Nerolidol is an alcoholic alkene type of sesquiterpene molecules, and very often considered as an analogue of linalool. It is naturally distributed in different types of flowers and plants. A large number of studies have confirmed the effectiveness of nerolidol as antimicrobial, antioxidant, antianxiety, anticancer as well as anti-nociceptive. In addition to its medicinal uses, it is also used as a flavouring and fragrance additive (McGinty et al 2010; Marques et al 2011; Ferreira et al 2012; Krist et al 2015). Properties like the presence of a double bond and an asymmetric centre at the C-6 and C-3 positions respectively, resulted in the conformation of four isomeric forms of nerolidol. In terms of its biosynthesis, nerolidol is naturally synthesised during the conversion of farnesyl diphosphate to the 3S-(E)-nerolidol, via nerolidol synthase that is present in the cytosol. Although nerolidol synthase was previously described in Zea mays and Celastrus angulatus (Richter et al 2016; Li et al 2021a, b), our results demonstrate the first report of this gene in two species: grape and strawberry, as well as other three potential producers of nerolidol including the species Camellia sinensis, Acer yangbiense, and Nyssa sinensis, paving the road for further derivatisation and production of many pharmaceutically useful products.

Valencene

Valencenes a rare sesquiterpene that is known for its aromatic sweetness.
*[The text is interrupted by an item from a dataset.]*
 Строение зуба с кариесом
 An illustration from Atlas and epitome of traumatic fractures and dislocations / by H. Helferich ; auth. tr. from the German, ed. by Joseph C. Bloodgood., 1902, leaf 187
It is naturally occurring in citrus-scented plants and their fruits, including Valencia orange, grapefruit, nectarines, and tangerine. Valencene has many therapeutic properties, such as antiallergy, antiinflammation and antioxidant. It was also found to improve the chemotherapeutic properties of some chemotherapy drugs such as doxorubicin. Other uses of valencene include as a cleaning agent, insecticide, in cosmetics, and for food flavour. Like many terpenes, valencene is synthesised directly from the farnesyl diphosphate which is the branch point in the mevalonate pathway (Cankar et al 2015) for the synthesis of many isoprene and squalene derivatives. Of the three investigated genomes, only grape exhibited the presence of a likely associated biosynthetic gene for valencene production. On the other hand, the blast search of valencene synthase against the NCBI database has revealed the presence of more potential producers such as Populus trichocarpa, Liquidambar formosana, and Castanea mollis. Valencene yield improvement was attempted via the heterologous expression of valencene cyclase in microorganisms, mainly Saccharomyces cerevisiae (Chen et al 2019; Quyang et al. 2019). However, these studies involved no biosynthetic gene cluster characterization, and low yield of end product, indicating the need for further metabolic engineering of more associated\modifying biosynthetic gene clusters.

Farnesene

Farnesene is a sesquiterpene-like compound with the basic chemical structure C15H24, and mostly found in plant oils, especially aromatic ones such as orange and rose. In terms of its commercial uses, farnesene has been used as an enhancer element in diesel fuel, and as fragrance in cosmetics, in addition to its uses in pharma industry (Cui et al 2019; Liu et al 2020). Farnesene is one of the sesquiterpenes that requires only one enzyme to be synthesised from the ubiquitous precursor farnesyl diphosphate via the mevalonate pathway (Asadollahi et al 2008; Liu et al 2021). In our investigation, a farnesene synthase could be predicted in the grape genome, in addition to three more species including Nyssa sinensis, Pistacia vera, and Carpinus fangiana. Previous reports of the production of farnesene were mainly focused on engineering farnesene synthase in heterologous hosts, particularly in the model organisms Escherichia coli and S. cerevisiae, to increase its total yield (Nguyen et al 2012; Li et al 2018; Rahman et al 2018;); however, no biosynthetic manipulation was included in those studies.

Beta-amyrin

Beta-amyrin is a pentacyclic triterpenoids member that is rich in fatty acids, and formally known as 3beta-olean-12-en-3-ol. There are three forms of amyrin: alpha, beta, and sigma, sharing the same chemical formula C30H50O. The building blocks for beta-amyrin is oleanane molecules; concurrently, it serves as precursor for several compounds including erythrodiol, 24-hydroxy-beta-amyrin, and glycyrrhetaldehyde (Liu et al 2019). Beta-amyrin can be naturally found in some types of food including pepper, wakame and thistle. Pharmacologically, beta-amyrin is a potential anticancer, antioxidant, as well as a lipid profile enhancer (Viet et al 2021). Here, four amyrin biosynthetic core genes were predicted in both grape and strawberry genomes (two for each genome), as well as one beta-amyrin synthase in the following species, Quercus lobata, Castanea mollissima, and Malus domestica. Amyrin synthase engineering was attempted by Zhang et al (2015) to enhance the yield of amyrin in the cytosolic parts of S. cerevisiae, using the acetyl-CoA pathway, however, it was to a limited extent, due to the high cost of precursors supplementation combined with low yield improvement, making it unattractive approach for an industrial scale production of amyrin like compounds (Takemura et al 2017).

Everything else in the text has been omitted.